The Federal Reserve said higher interest rates will usher in other examples of “pain” for Americans, including a slowing economy and a rising unemployment rate.
See: Fed’s tough task: History shows inflation takes average of 10 years to return to 2%
The first thing to watch out for is spending, said Kelly LaVigne, vice president of advanced markets and solutions at Allianz Life. Companies have tried to catch up by producing a lot of inventory, and a slowing economy might make them competitive to sell their products with “tempting prices,” he said – those sales may be alluring, but retirees and retirement savers alike should be protective and curb any bad spending habits, LaVigne said.
U.S. stock indexes turned downward shortly after the Federal Reserve’s latest announcement.
Volatility can be hard to stomach, especially for someone whose nest egg is tied up in an investment portfolio, but retirees and near-retirees are often told to stay the course. “In reality, we need to protect ourselves from ourselves,” LaVigne said.

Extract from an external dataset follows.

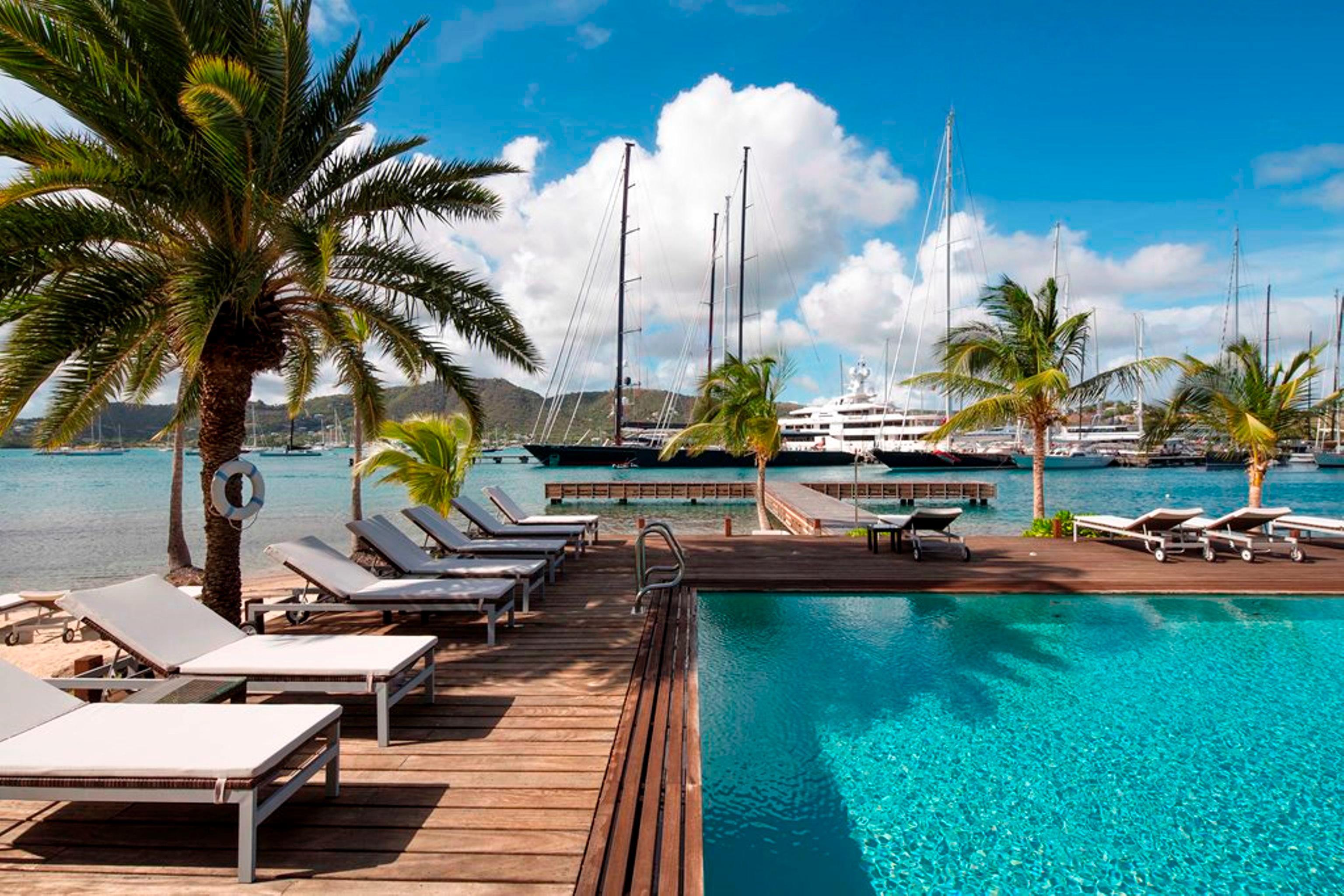Hotel South Point Antigua English Harbour Exterior foto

That includes sticking to a retirement plan, and balancing risk tolerance with one’s time horizon, financial assets and needs in as rational a manner as possible. One way to stay calm in the midst of volatility: don’t look at your portfolio too often, experts have said.
Also see: Ray Dalio says stocks, bonds have further to fall, sees U.S. recession arriving in 2023 or 2024
Americans may also want to take this time to tackle any credit card debt, as the rate hike will affect higher-interest debts, and check in with their banks about savings account interest rates, which will also rise as a result.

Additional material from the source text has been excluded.